In Windows XP, display drivers, which are large and complex, can be a major source of system instability. These drivers execute entirely in kernel mode (i.e., deep in the system code) and hence a single problem in the driver will often force the entire system to reboot. According to the crash analysis data collected during the Windows XP timeframe, display drivers are responsible for up to 20 percent of all blue screens. Thus it became one of the primary goals of Windows Vista to reduce such crashes and provide customers with a more reliable desktop experience while also lowering partner support costs. Reliability is even more important now, as there are mainstream features that require the graphics pipeline to perform efficiently around the clock. The new Desktop Window Manager, which draws onscreen windows, is an example of such a feature. The benefits of experienceng a stable desktop experience, free of redrawing errors, certainly apply to all customers, and not just gamers.

At a technical level, WDDM display drivers have two components, a kernel mode driver (KMD) that is very streamlined, and a user-mode driver that does most of the intense computations. With this model, most of the code is moved out of kernel mode. That is, the kernel mode piece is now solely responsible for lower-level functionality and the user mode piece takes on heavier functionality such as facilitating the translation from higher-level API constructs to direct GPU commands while maintaining application compatibility. This greatly reduces the chance of a fatal blue screen and most graphics driver-related problems result in at worst one application being affected.

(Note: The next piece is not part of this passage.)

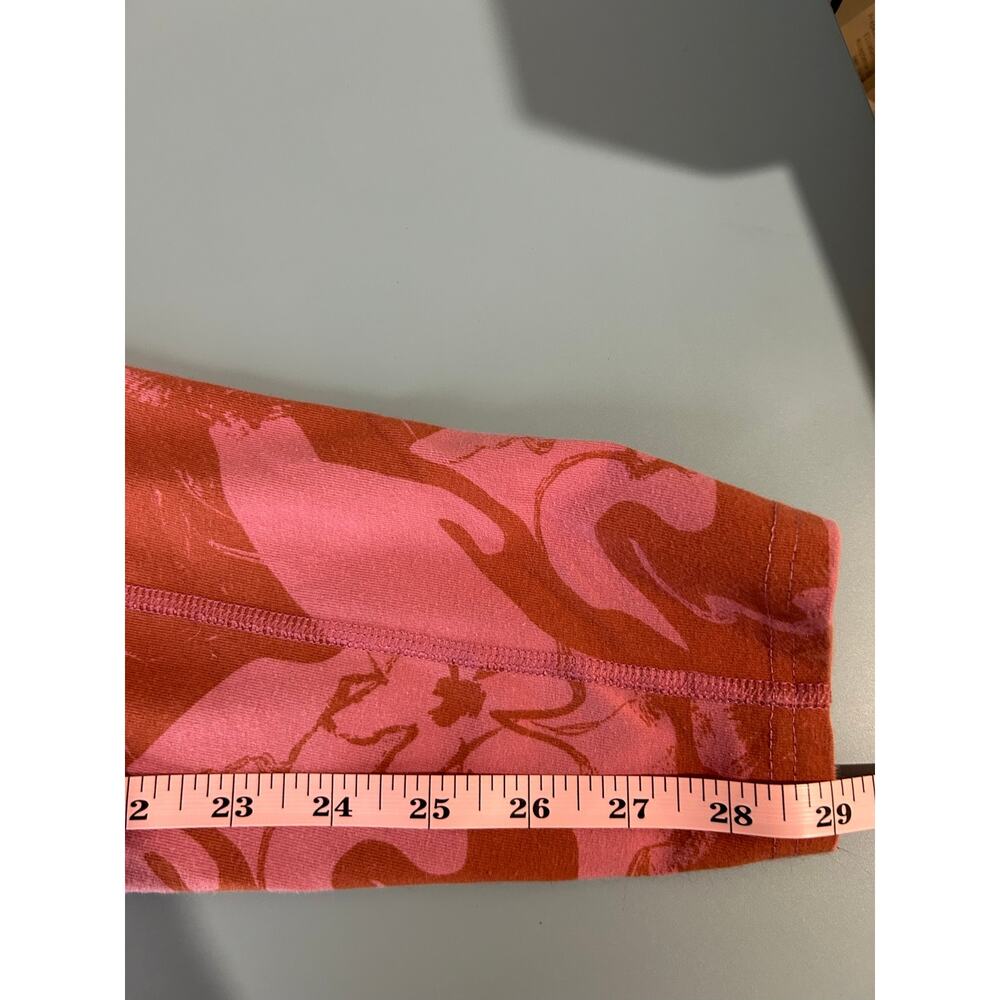 Pact leggings size M red pink floral pattern full length organic cotton - Picture 6 of 6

WDDM also provides fault-tolerance against display driver hangs. This enables Windows Vista to detect system hangs and restart the display driver again without the need of a system reboot.

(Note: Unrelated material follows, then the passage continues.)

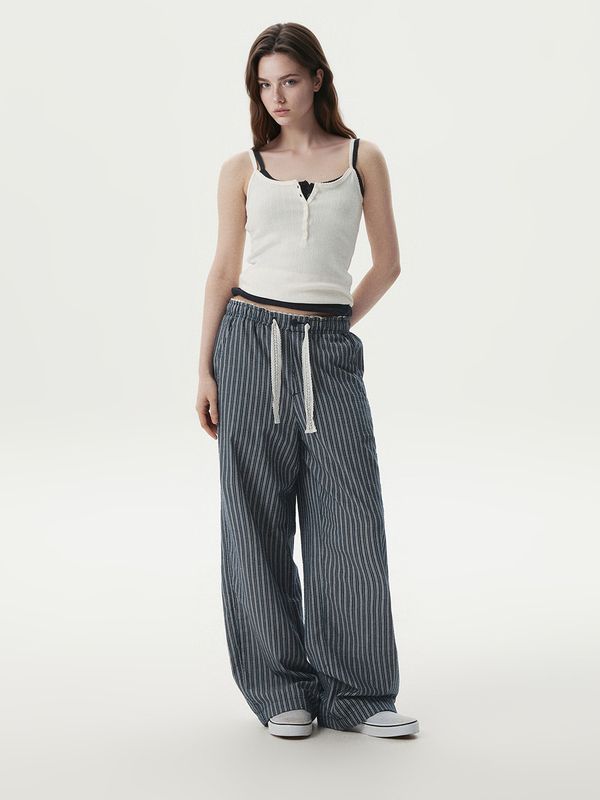 WHOAU Quần dài Seersucker Stripe Pants_WHTAG2431F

Additionally, display drivers in Windows Vista have been significantly simplified by eliminating the need to include code for the support of various device driver interfaces introduced over many years. Thus, Windows Vista implements only a single interface while ensuring that all the older drivers are recognized and function optimally.

Here's the official list of mobile NVIDIA GPUs that will have complete WDDM support included in future driver versions for VISTA Final:

  • GeForce Go 7800 GPUs
  • GeForce Go 7600 GPUs
  • GeForce Go 7400 GPUs
  • GeForce Go 7300 GPUs
  • GeForce Go 7200 GPUs
  • GeForce Go 6800 GPUs
  • GeForce Go 6600 GPUs
  • GeForce Go 6400 GPUs
  • GeForce Go 6200 GPUs
  • GeForce Go 6100 GPUs
  • GeForce FX Go5700 GPUs
  • GeForce FX Go5650 GPUs
  • GeForce FX Go5600 GPUs
  • GeForce FX Go5200 GPUs
  • GeForce FX Go5100 GPUs
  • NVIDIA Quadro NVS 300M GPUs
  • NVIDIA Quadro NVS 120M GPUs
  • NVIDIA Quadro NVS 110M GPUs

Please keep in mind that only future GPU generation (GeForce Go 8xxx) support the upcoming v2.0 of WDDM.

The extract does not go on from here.